Privacy Preserving Measurement (PPM) can be considered as an extension of Millionaire problem. PPM refers to a set of techniques and protocols that allow useful statistics and insights to be derived from data without exposing individual-level information. When combined with formal privacy guarantees like differential privacy, PPM enables organizations to perform analytics and measurement in a privacy-preserving manner.
In this post, we’ll explore the key concepts behind PPM, how it works in practice, and how differential privacy enhances its privacy protections. We’ll also look at some real-world applications and the future potential of this technology.
Need
Traditional approaches to data analytics typically involve collecting raw user data in a central location for processing. This creates a variety of privacy and security risks. Sensitive personal information could be exposed in a data breach. Insiders with access to the data could misuse it. The centralized data set becomes an attractive target for hackers. Users have limited visibility into how their data is being used. It’s difficult to prevent the data from being repurposed for unintended uses.
PPM aims to enable useful measurement and analytics while avoiding these pitfalls. The core idea is to structure data collection and processing in a way that useful aggregate insights can be extracted without needing access to individual-level data. PPM allows aggregate statistics to be computed without exposing raw user data, preventing the linking of data points to specific individuals, giving users more control over how their data is used, reducing the security risks associated with centralised data collection, and enabling privacy-preserving collaboration between multiple parties.
Key Concepts
A few core concepts and techniques form the foundation of PPM model.

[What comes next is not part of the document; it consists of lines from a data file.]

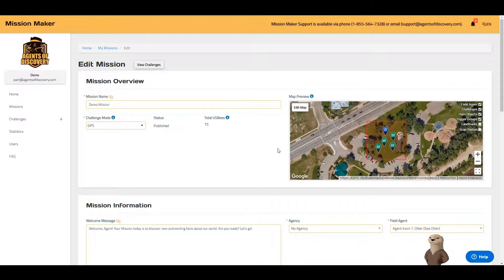On the right, you can see that we already have a map preview page. Here you can see where your challenges are located.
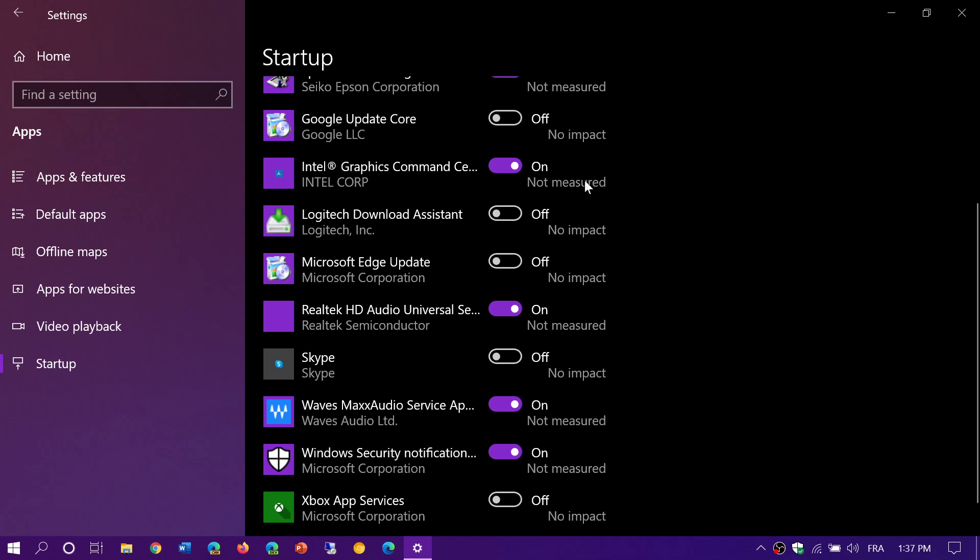Sometimes it will say not measured, depending on what app it is. Sometimes it will say the impact is low or moderate or high. Of course, high impact means that it takes much longer to actually startup. So those are the ones you might actually want to remove.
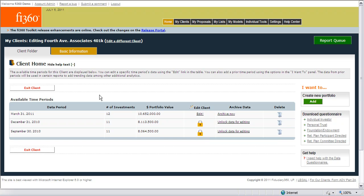Once users have created a client or click the edit link to work with an existing client in the Fi360 Toolkit, the client home page will appear. From this page, we can work with two sets of information: basic information and the client time periods.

Secure Multi-Party Computation (MPC): This refers to cryptographic protocols that allow multiple parties to jointly compute a function over their private inputs, without revealing those inputs to each other. In the context of PPM, MPC allows multiple data holders to collaborate on computing aggregate statistics without sharing raw data. MPC should ensure the following two properties : (i) input privacy, i.e., parties’ inputs should remain private and only the output of the function is learned; and (ii) correctness, i.e., even if some parties maliciously act, the correct output is obtained.
Homomorphic Encryption: This is a form of encryption that allows computations to be performed on encrypted data without decrypting it first. It enables a party to perform analytics on encrypted user data without accessing the underlying plaintext.
Secure Aggregation: This refers to techniques for combining inputs from multiple parties in an encrypted or cryptographically secure way, such that only the final aggregate result is revealed.
Distributed Noise Addition: Methods for having multiple parties collaboratively add statistical noise to results in a distributed fashion, enabling differential privacy without a trusted central party.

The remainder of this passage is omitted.